RECORDS FOR THIS EXERCISE -
-=-=-=-=-
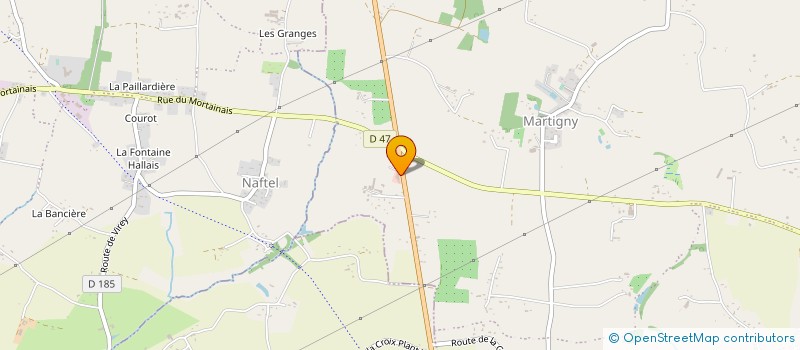 localisation de l'entreprise GARAGE LETELLIER  GRANDPARIGNY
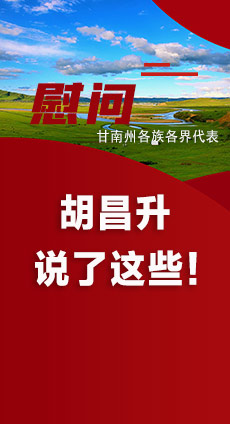  圖解|慰問(wèn)甘南州各族各界代表 胡昌升說(shuō)了這些！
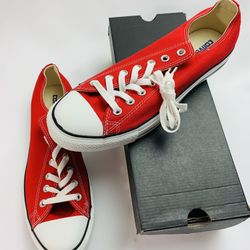 CONVERSE CHUCK TAYLORS MENS SIZE 12 BRAND NEW BRIGHT RED CHERRY SCARLET CARDINAL CHRISTMAS NIKE  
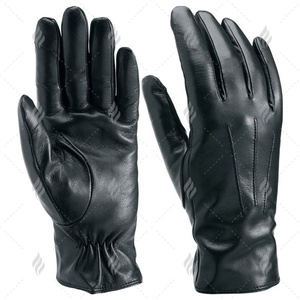 NUEVOS guantes de temporada Guante de cuero de moda para hombre Cuero de vaca Original de calidad superior Personalizado Fiesta larga Conducción suave Invierno Uni - Product Image 1
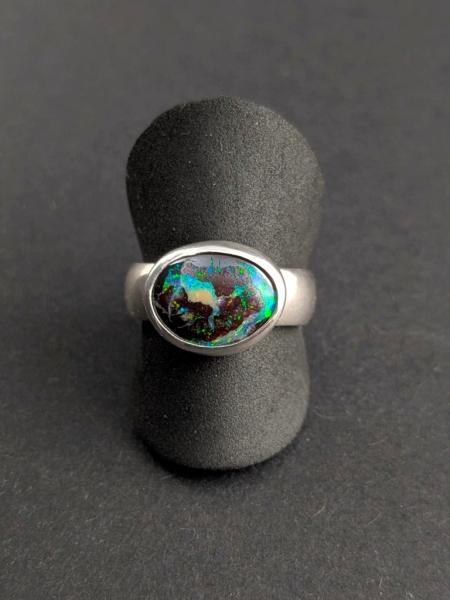 Boulder Opal Ring (Größe 53)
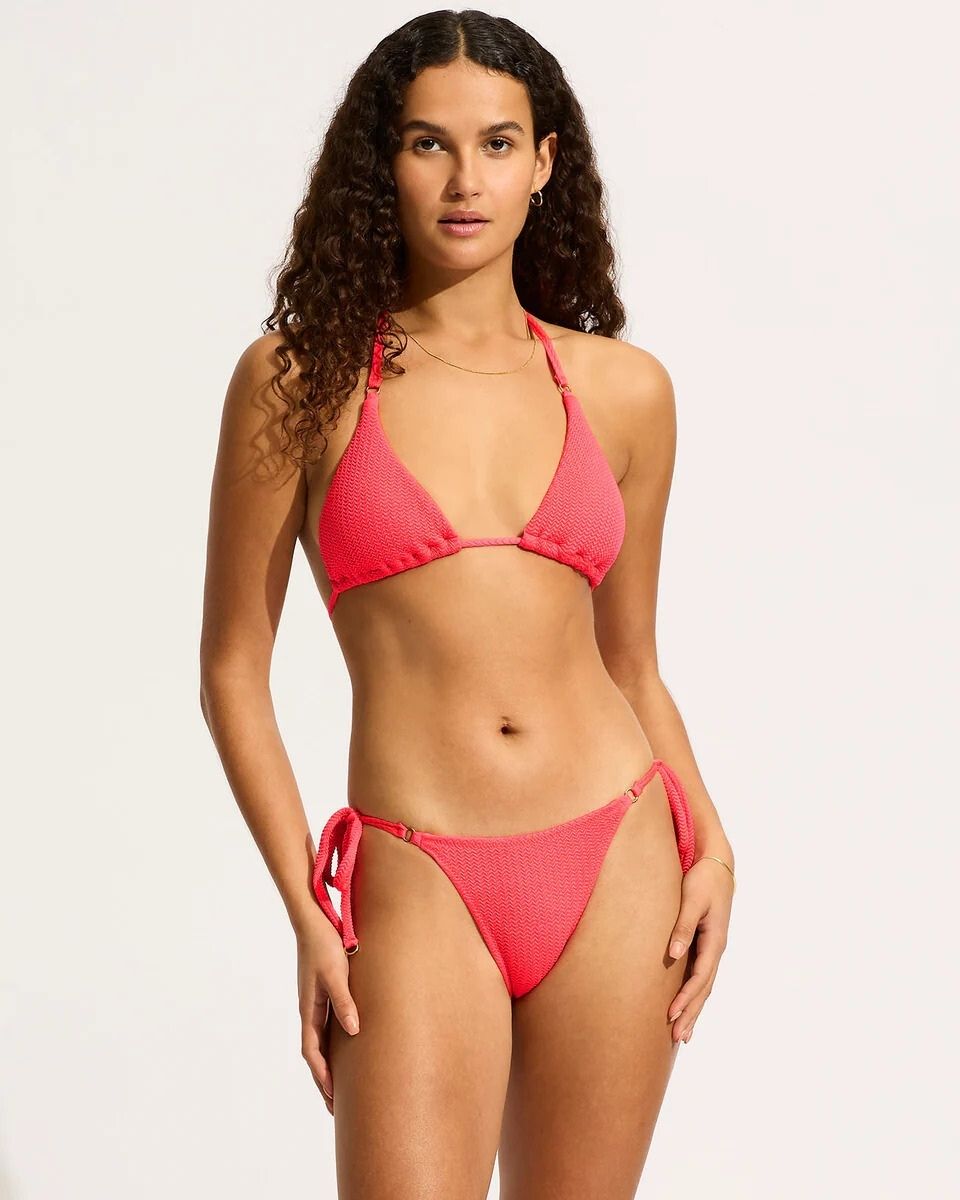 Seafolly Triangle Bikini Top - Red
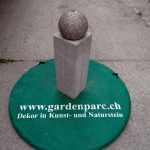 Säule mit Kugel Wasserspiel - Granit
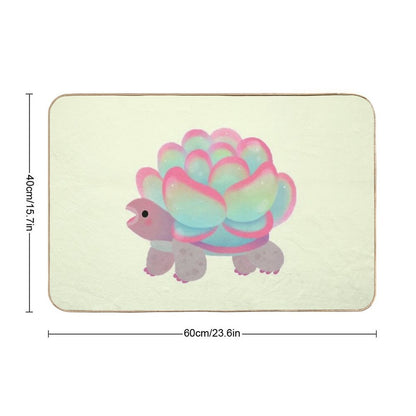 Cactus Tortoise  Anti-Trip Bath Mat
-=-=-=-=-
AIM OF THE TASK -
Skip the pictures, then retype every line above exactly.

ANSWER TO THIS TASK -
 localisation de l'entreprise GARAGE LETELLIER  GRANDPARIGNY
  圖解|慰問(wèn)甘南州各族各界代表 胡昌升說(shuō)了這些！
 CONVERSE CHUCK TAYLORS MENS SIZE 12 BRAND NEW BRIGHT RED CHERRY SCARLET CARDINAL CHRISTMAS NIKE  
 NUEVOS guantes de temporada Guante de cuero de moda para hombre Cuero de vaca Original de calidad superior Personalizado Fiesta larga Conducción suave Invierno Uni - Product Image 1
 Boulder Opal Ring (Größe 53)
 Seafolly Triangle Bikini Top - Red
 Säule mit Kugel Wasserspiel - Granit
 Cactus Tortoise  Anti-Trip Bath Mat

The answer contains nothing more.